YouTuber znalazł się w więzieniu, bo złamał prawa autorskie
The Content Overseas Distribution Agency (CODA) opisuje treści wstawiane przez YouTubera jako “fast content”, co jest dosyć popularnym gatunkiem na terenie Japonii. Polega on na skracaniu danego dzieła (gra, serial, film) poprzez podsumowanie przedstawianych tam wydarzeń. Wszystko to najczęściej okraszone jest stosownymi podpisami bądź głosową narracją. Istnieje także podgatunek zawartości o nazwie „netabare”, gdzie pokazane są zakończenia konkretnych produkcji lub zwroty akcji w nich występujące.
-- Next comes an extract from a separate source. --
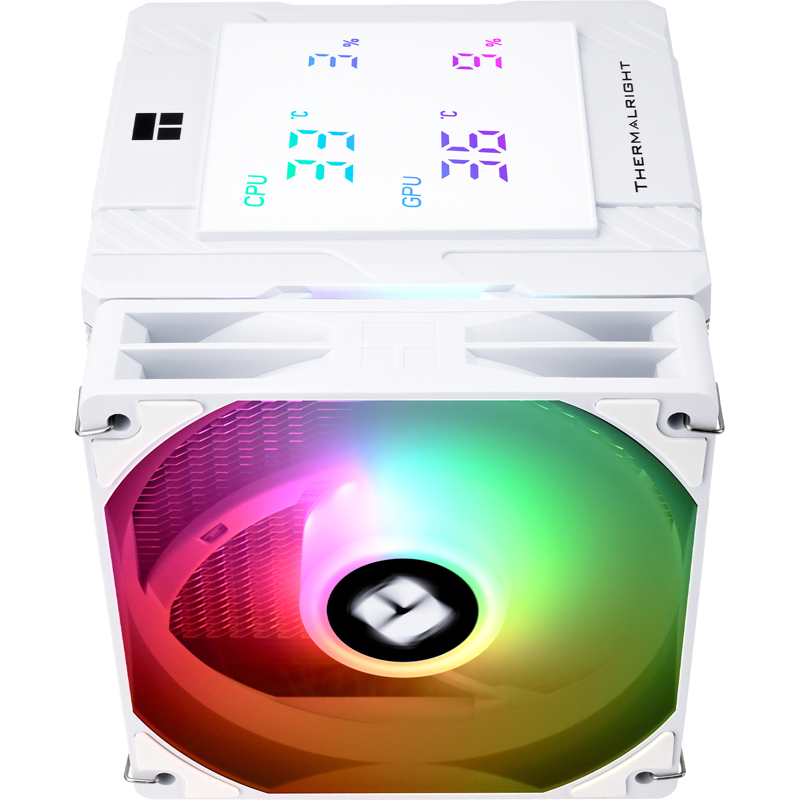Кулер для процессора Thermalright Peerless Assassin 120 Digital, вентилятор 120 мм, шум 25.6 дБА, белый, фото 4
Na pierwszy rzut oka nie wydaje się to szokujące, lecz problem rodzi się wtedy, gdy tego typu materiały niwelują potrzebę zakupu wybranej zawartości. Tak jest w przypadku wyżej wspomnianej gry Steins;Gate: Hiyoku Renri no Darling należącej do gatunku visual novel, gdzie głównym zadaniem konsumenta jest czytanie wyświetlanego teksu. Dlatego też skracanie tego typu projektów jest postrzegane jako złamanie praw autorskich – zwłaszcza że ich właściciel sam postanowił zgłosić materiały publikowane przez influencera.
Źródło: Nitroplus
52-letni Shinobu Yoshida czeka obecnie na proces i jak się okazuje – to pierwsze aresztowanie w Japonii związane z udostępnieniem materiału z gry wideo. Zagraniczne portale wskazują, że istnieje ogromne prawdopodobieństwo, iż to pierwsza taka sytuacja na całym świecie. CODA jest przekonana o winie twórcy, zwłaszcza że nielegalną działalność na YouTube prowadzić ma już od 2019 roku – wtedy też zaczął zamieszczać klipy teoretycznie łamiące prawa autorskie. Poza tym czerpał z nich zyski materialne, co także jest dosyć istotne.
Podejrzany dodatkowo przyznał się do zarzutów i jak sam twierdzi: od początku zdawał sobie sprawę, iż nie działa zgodnie z prawem. Teraz pozostaje czekać na rozwój wydarzeń.